Photographer Matt Dunne’s book “The Killing Sink” (Void, 2022) is a searing look at our collective tendency to minimize and ignore things, people and animals that are simply different from us and a riff on how we determine what is or is not “important.”
“The Killing Sink” is ostensibly about the killing of wedge-tailed eagles in Australia. But it’s through this lens of erasing the nation’s greatest bird of prey that we’re led to think about how we treat not just animals, but each other. And the question is for all of us, not just people living near the death of eagles.
Dunne’s photos are by turns majestic and elegiac. The way Dunne photographed the animals in the book establishes an emotional connection to the larger story. They are beautiful, living, breathing creatures that share the planet with us. To understand this is to understand the sadness of the killings.

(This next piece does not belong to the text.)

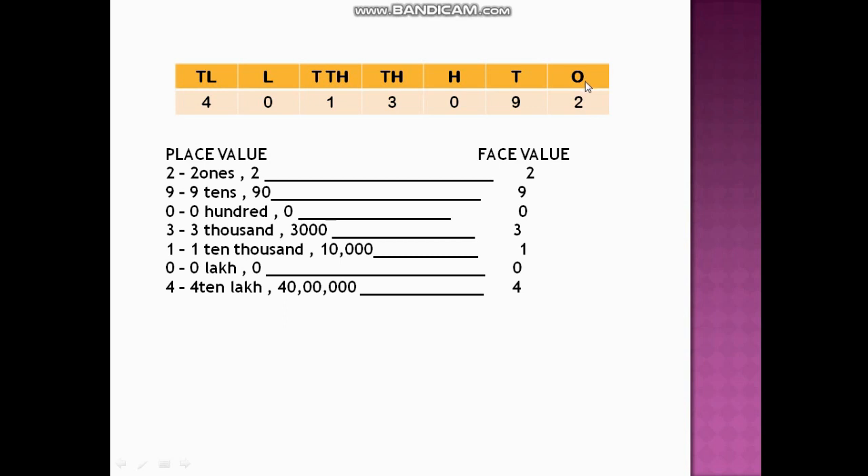Let us look at another number. The digit 2 is at ones place, so the place value is 2 and face value is 2. The digit 9 is at tens place, place value is 90 and face value is 9. The digit 0 is at hundreds place, place value is 0 and face value is 0. The digit 3 is at thousands place, place value is 3,000 and face value is 3.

The following description of the book by the publisher is an excellent entry point:
“Each photograph in Dunne’s book depicts a place where eagles were killed, the animals themselves, or the tools of their destruction. The images are in black and white, echoing the detachment and impartiality of crime scene photography. The title of the book is taken from the term “killing pit”, which is an area created when a territorial animal is killed and, as a result, others of the same species are drawn to the location. The newcomers are then killed and a cycle of killings begins. Collectively, the photographs in Dunne’s book intertwine the birds with the intention, psychology and story of the act of their disappearance, creating visual testimony.
When we degrade the things around us, be it animals, the environment, other people, or eagles, what we are really doing is destroying and denigrating ourselves. Does anything good come from such destruction? These are some of the things “The Killing Sink” floats our way.
Of the work in his book, Dunne says: “Ultimately, my aim is to bear witness to an unpleasant present, brought about by the remnants of some of our oldest and ugliest thoughts: that other forms of lives don’t matter and, no matter the cost, humans should subjugate others.
I often think back to my first experience where I was taught that there are hierarchies in life. It was in the playground in fourth grade that I first learned that the kinds of things you own (e.g. the right pair of shoes) or the cultural references you agree on (“Donkey Kong”, that’s cool!) mattered. Who is the king or queen of the hill? Do you live in a good neighborhood or in the trailer park? These early lessons begin to shape your view of the world and your view of yourself.
“The Killing Sink” is, ostensibly, about the tragic killings of Australian wedge-tailed eagles. But if you step back and internalize the overall tragedy drawn from the actions of a few, you’ll find that Dunne’s message is far more universal, valuable, and relevant.